Tekst: Lupé Van Rijmenant

Beeld: Marit Galle

Op 17 mei is het de Internationale Dag tegen Homo-, Trans-, Intersekse en Bifobie. Deze actiedag werd ingesteld in 1990 ten gevolge van het verwijderen van homofobie uit de lijst van Geestesziekten door de Wereldgezondheidsorganisatie (ICD, nvdr) en viert nu haar eenendertigste verjaardag. De decriminalisering van homoseksualiteit is in België dan wel een feit, op vele andere plekken is dit niet het geval: in maar liefst 69 landen worden relaties tussen personen van hetzelfde gender nog steeds binnen de criminele sfeer gesitueerd. 

Ondanks wat op papier staat, is holebihaat ook in België nog een dagelijkse realiteit: afgelopen maart werd de 42-jarige David om het leven gebracht omwille van zijn seksuele oriëntatie en nog geen maand eerder werd een homoseksueel koppel slachtoffer van zinloos geweld op een trein. 

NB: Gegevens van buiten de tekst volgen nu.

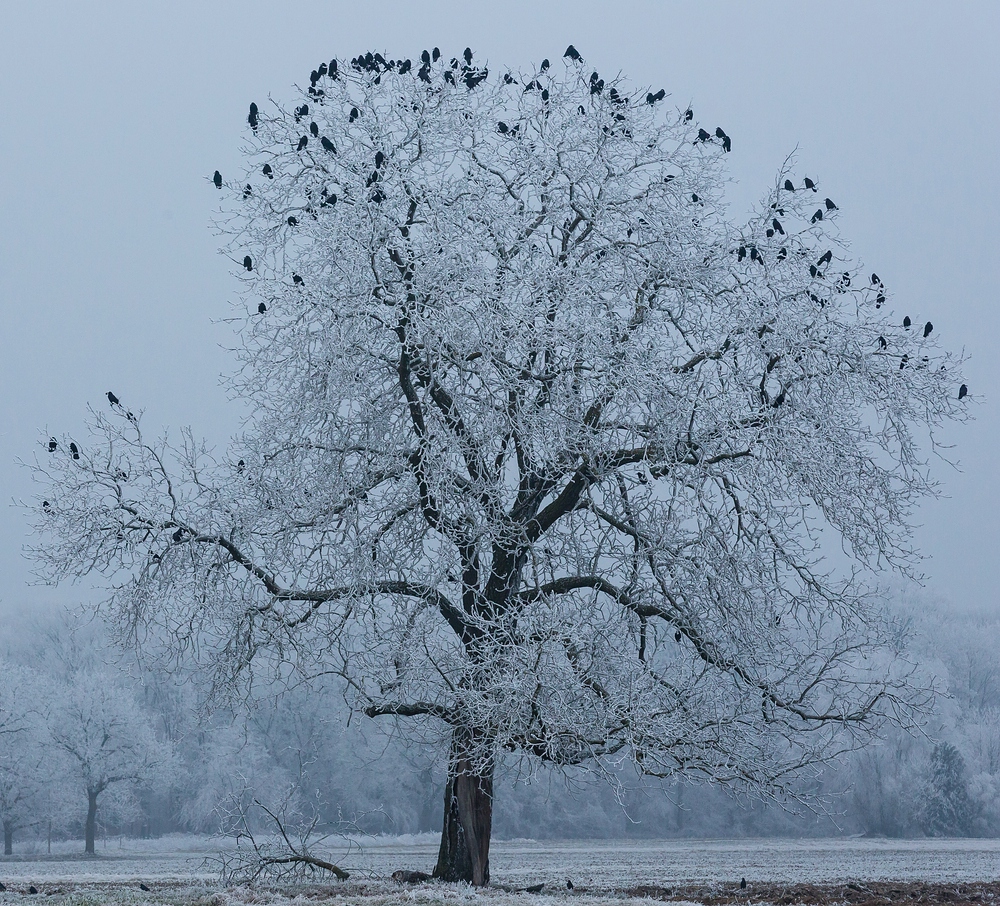 Der Schlafbaum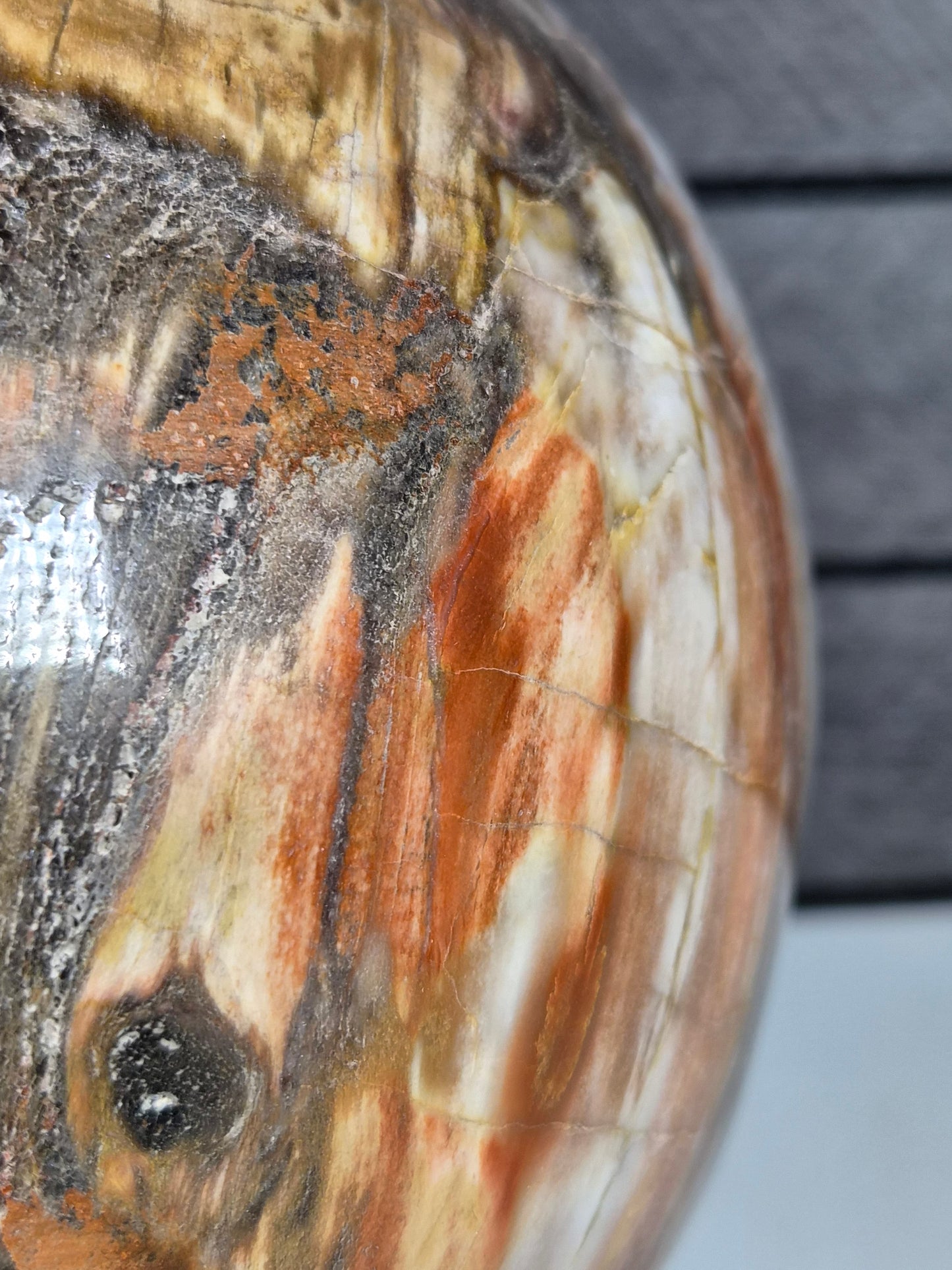 Versteend Hout bol 3934 gram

Voor andere, minder fysieke voorbeelden van agressie moet je het niet ver zoeken. Je hoeft maar eens onder een Facebookpost van VRTNWS over voornaamwoorden te gaan piepen: de bekrompen Vlaming ontpopt zich er plots tot nobele voorvechter van de Nederlandse taal, enkel en alleen omdat die de zelfuitdrukking en identiteit van een ander niet begrijpen kan. 

Een institutionele decriminalisering is dus uiteraard een belangrijke stap, maar is niet voldoende. Zo goed als dagelijks ondergaan personen behorend tot de LGBTQIA+ gemeenschap microagressies; een resem aan uitspraken en gebeurtenissen die klein genoeg lijken om onschadelijk te zijn. De gevolgen zijn een blijvende stigmatisering van alle personen en gedragingen die niet binnen een heteronormatief kader passen. 

Ook het feit dat seksualiteit steeds meer zichtbaar wordt in het hedendaagse medialandschap zorgt bij de kleindenkende Vlaming voor agitatie. Die kan  afbeeldingen van de klassieke liefde tussen man en vrouw wel smaken en googlet ook regelmatig naar lesbische porno, maar kan de wervelende passie van het oprechte liefhebben buiten deze verhoudingen niet appreciëren.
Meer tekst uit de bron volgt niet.